So, _is_ it okay to submit my book, even though no one's read it yet? If I can find a really intriguing quote? Or should I wait until I'm famous.....


----------



## Annalog

Atunah said:


> ...
> Has anyone had any right guesses yet?


When I first saw the game yesterday, I kept playing until I had several repeats in a row. I had right guesses on one book I had read, (


Spoiler



H2G2


), and a couple that I am not sure if I read a long time ago but recognized either the reference or subject (definitely guesses). If I read them, it was a very long time ago (


Spoiler



Jaws and Lord of the Flies


).

Today I got four right, all of which I have read (


Spoiler



Stranger in a Strange Land, Prisoner of Zenda, To Kill a Mockingbird, and Outlander


). I had not read any of the others except for one, (


Spoiler



The Exorcist


), that I read a long time ago after being disappointed with the movie. I thought the quote might be from this one but was not sure until I saw the section of the book cover.

Today the game also got me to download five samples and decide to read two books that are already in my TBR list.


----------



## KBoards Admin

ElisaBlaisdell said:


> So, _is_ it okay to submit my book, even though no one's read it yet? If I can find a really intriguing quote? Or should I wait until I'm famous.....


Yes, it is okay to submit your book. We're filtering those, so try to make it a compelling quote and interesting hints, and it's likely to get approved.


----------



## NogDog

Might want to move the partial cover reveal hint to the last hint, as some of them are dead give-aways (e.g., the one for _The Godfather_).


----------



## Betsy the Quilter

NogDog said:


> Might want to move the partial cover reveal hint to the last hint, as some of them are dead give-aways (e.g., the one for _The Godfather_).

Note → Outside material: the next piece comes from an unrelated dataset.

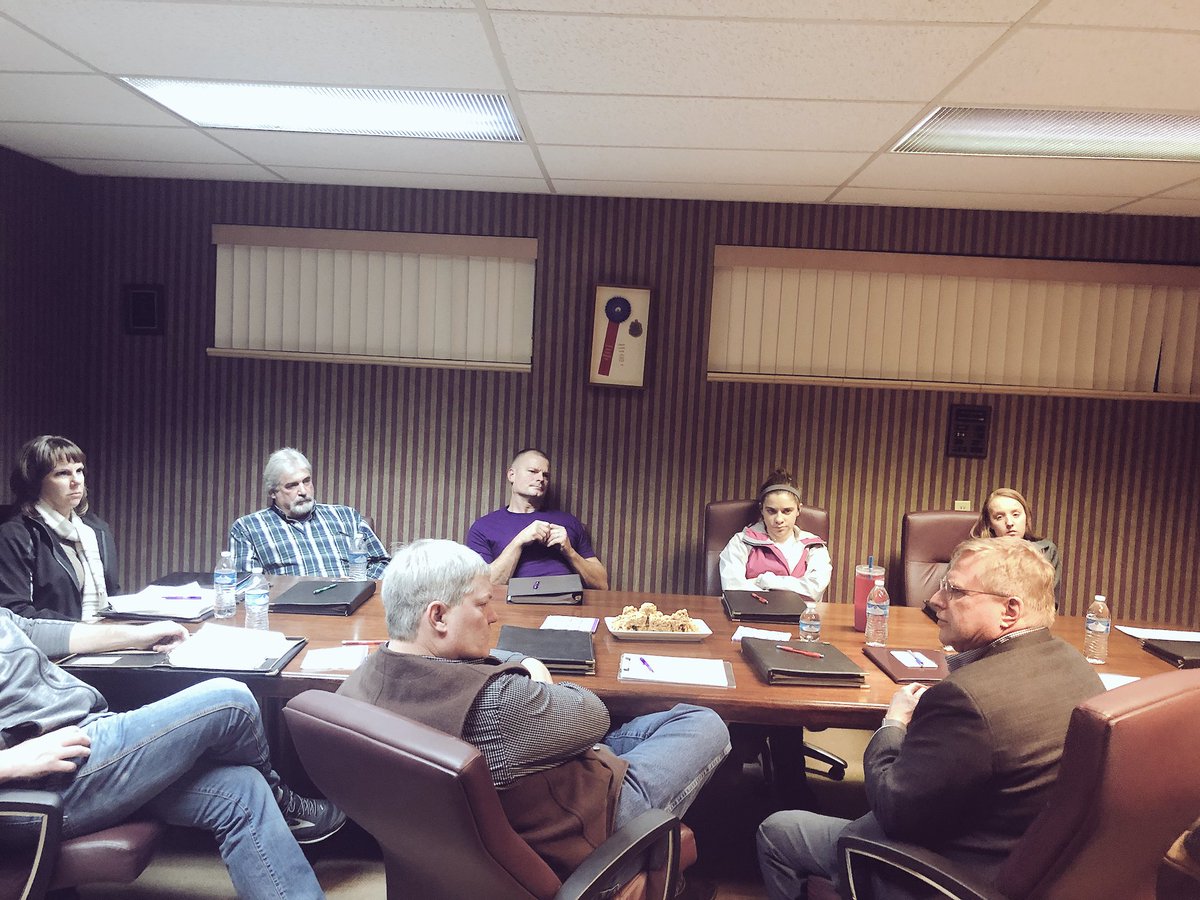 Big thanks to the Finney County Farm Bureau board for inviting me to share my vision of building a better Kansas last night! Always nice to see some future Ag leaders in attendance as well! #BuildABetterKansas #ksleg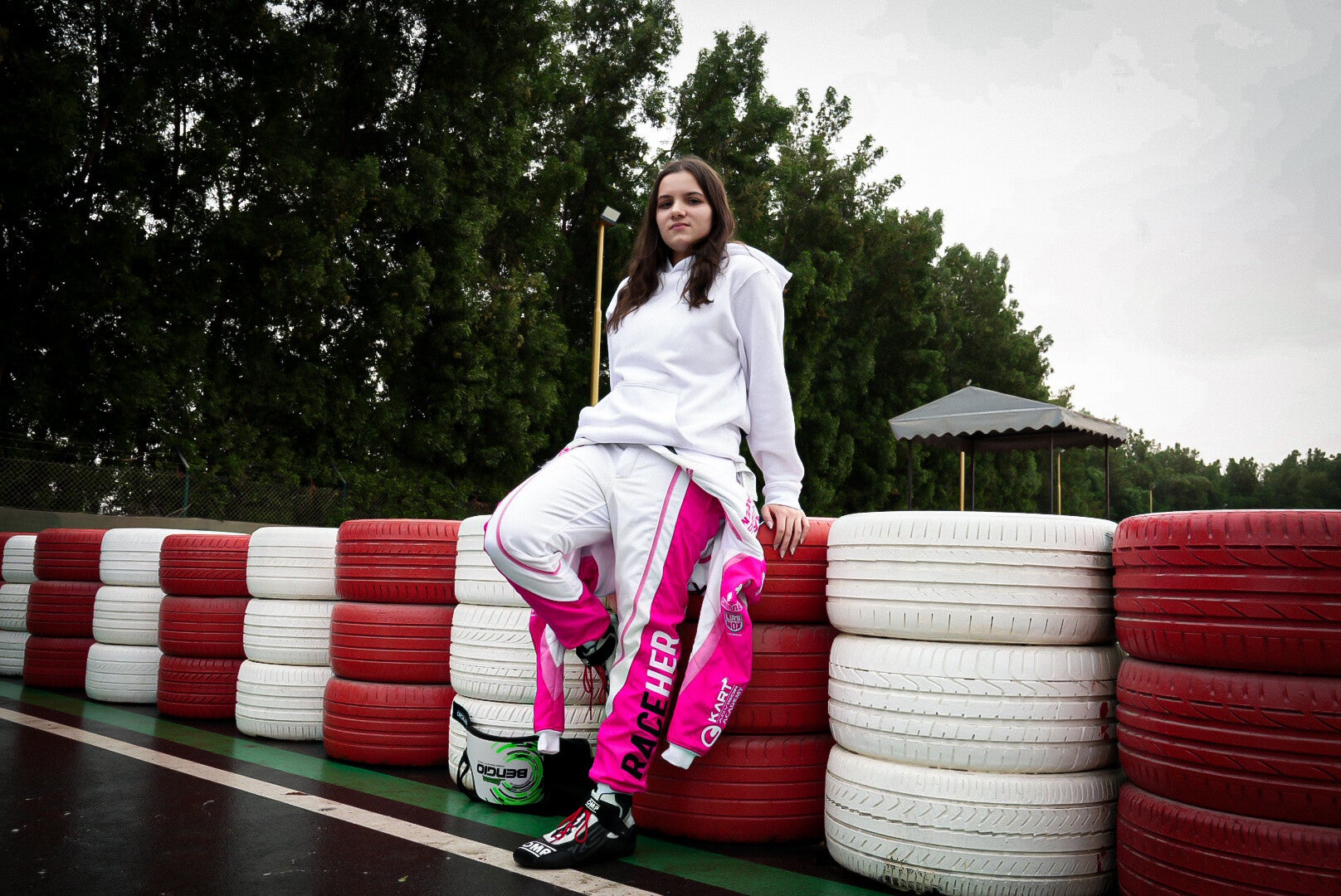 Signature Hoodie in White.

Yes, the Godfather cover is a dead giveaway....for those of a certain age.


----------



## NogDog

Betsy the Quilter said:


> Yes, the Godfather cover is a dead giveaway....for those of a certain age.


Especially since you could see the word "Godfather". 

Sent from my Galaxy S4 via Tapatalk 2


----------



## Gertie Kindle

Like I wouldn't know today's. I'm on my fire and no spoiler tags s I'll just sat O.......r.


----------



## Jeff

I'm not as well-read as I thought. I've never heard of the recent books or the authors.


----------



## RM Prioleau

Jeff said:


> How do you shrink it down or keep it from appearing like that?


I am currently on another computer (Windows 7) that is using Internet Explorer 9, and I came to the page today, and I got what this exact screenshot is showing.

Just wanted to let you know that the problem is still occuring as of 8/15/2013, in case the devs tried to fix the issue before.


----------



## KBoards Admin

Thanks - I will work to track that down.


----------



## NogDog

> I walked slowly to the corpse laying on the stone bed.


I'm pretty sure the author meant "lying", but since I don't know what the book is, maybe not?


----------



## Atunah

Lie and lay and all the related thingies to it, I will never get right. Its one of those things that no matter how long I have been in the US, I would probably mess up. So would the corpse be laying there or lying.  . That is the result of never going to school in an english language place. 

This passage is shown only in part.